Nach dem Einkaufen würde ich noch zum Friedhof gehen. Es war meine Idee gewesen unser Baby hier zu beerdigen. Ich wollte, dass es in meiner Nähe bleibt. Dass ich es besuchen kann, wenn mein Herz danach schreit. Ich hatte mit Widerspruch gerechnet, aber – Überraschung – den anderen war es egal was mit meinem Baby passierte. Und so stand das Grab im Muslimischen Abteil des Münchner Westfriedhofs.

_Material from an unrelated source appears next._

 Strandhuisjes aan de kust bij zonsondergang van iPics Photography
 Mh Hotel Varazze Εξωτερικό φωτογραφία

Ich schob den halbvollen Einkaufswagen vor mir her und war schon auf dem Weg zur Kasse, als ich an der Babyabteilung vorbei kam. Ich hielt inne und umklammerte den Griff des Wagens fester. Windeln, Babybrei, Schnuller. Dieser Anblick versetzte mir einen schmerzhaften Stich.

Ich schloss die Augen und fühlte plötzlich wieder das kalte Ultraschallgel auf meinem Bauch.

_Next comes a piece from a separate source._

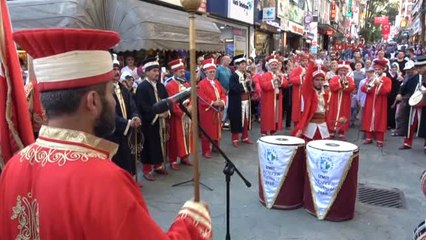 Kocaeli Izmit'te Pişmaniye Festivali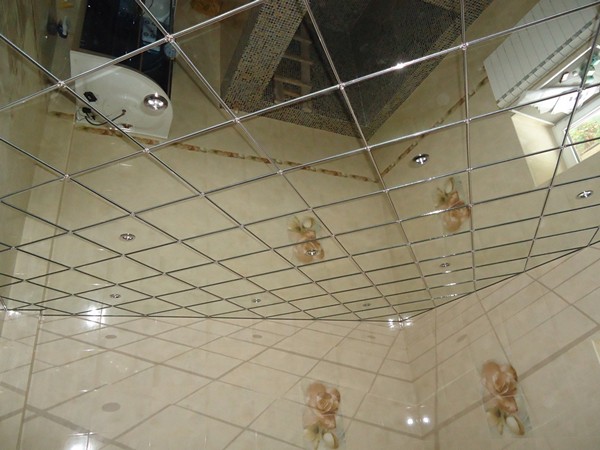 кассетный зеркальный потолок в ванной фото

'Herzlichen Glückwunsch, es ist ein Junge.'

Die Worte meines Arztes hallten in meinem Kopf wider. Mein Blick schweifte vom Monitor zum Arzt und wieder zurück. Ich strahlte über das ganze Gesicht, Glücksgefühle durchströmten mich.

„Wird das heute noch was?“, sagte jemand und riss mich aus meiner Trance.

Ich wirbelte herum und war einen Augenblick lang verwirrt. Ich lag nicht mehr im Behandlungszimmer, sondern stand mitten im Einkaufszentrum. Der Gedanke schnürte mir die Kehle zu, meine Knie begannen zu beben. Mich durchfuhr wieder ein schmerzhaftes Zittern und alles verschwamm vor meinen Augen.

„Hallo? Wie wäre es, wenn sie mal Platz machen?“

Eine Frau stand neben mir und sah mich mit hochgezogener Augenbraue an. Ich murmelte eine Entschuldigung und wollte weiterlaufen, doch ausgerechnet im selben Moment, fing der Husten wieder an. Mir blieb die Luft weg.

„Na toll“, meinte sie genervt.
„Man kann auch übertreiben! Sehen sie denn nicht, dass es ihr nicht gut geht?“

Die Frau verdrehte die Augen, beugte sich über meinen Einkaufswagen und schnappte sich eine Packung Windeln. Dann verschwand sie auch schon einen Lidschlag später, um die Ecke.

Der Mann, der gesprochen hatte, legte seine Hand kurz auf meinen Rücken.

„Alles in Ordnung bei ihnen?“, fragte er.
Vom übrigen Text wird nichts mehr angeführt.